A book review - The Martian by Andy Weir

I was unable to put this book down until absolutely necessary for life in the SNAFU household to continue normally.
The basic plot is about a future manned (and womanned) mission to Mars. During the early days of the mission a powerful Martian dust storm builds up to unexpected wind levels and their return vehicle is in danger of being blown over. Soon it becomes necessary to abort their mission, get aboard and take off before their return module gets damaged and strands them all. During the short trip through hurricane force winds to get aboard, one of the crew is knocked down by flying debris, injured and left for dead.

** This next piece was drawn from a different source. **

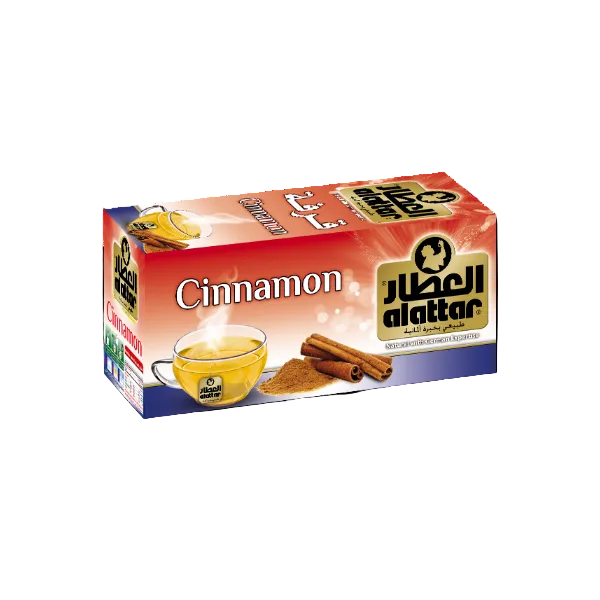 ALATTAR - CANNELLE - 20x3g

Fortunately, but unluckily for him, he is still alive and so starts the long story of how he manages to survive in a hostile environment using all his skills as a technician and a botanist. At first he cannot communicate because the thing that injured him was the communication dish which is their only contact with Earth. Slowly he is able to learn how to survive, make communication and report that he is alive. Soon he becomes a media event and the whole world is watching his fight for survival. Will he be able to stay alive for the next four years until a rescue mission can be sent? A really, really gripping story. However, this book is written for nerds and space junkies. It uses a lot of technical jargon which is fine for the initiated, but may be obscure to many muggles. The book is factual to a degree that I have not experienced in any other work of fiction that was not based on real events. All the science and technology is as accurate as I can ascertain and not only detailed, but essential to the story.

The book reminded me of another one I had read way, way back called No Man Friday by a writer named Rex Gordon. Same plot but different. No Man Friday was first released in 1956 and Mars was a very different place then, we knew much less about it in 1956, but much of the story line is familiar.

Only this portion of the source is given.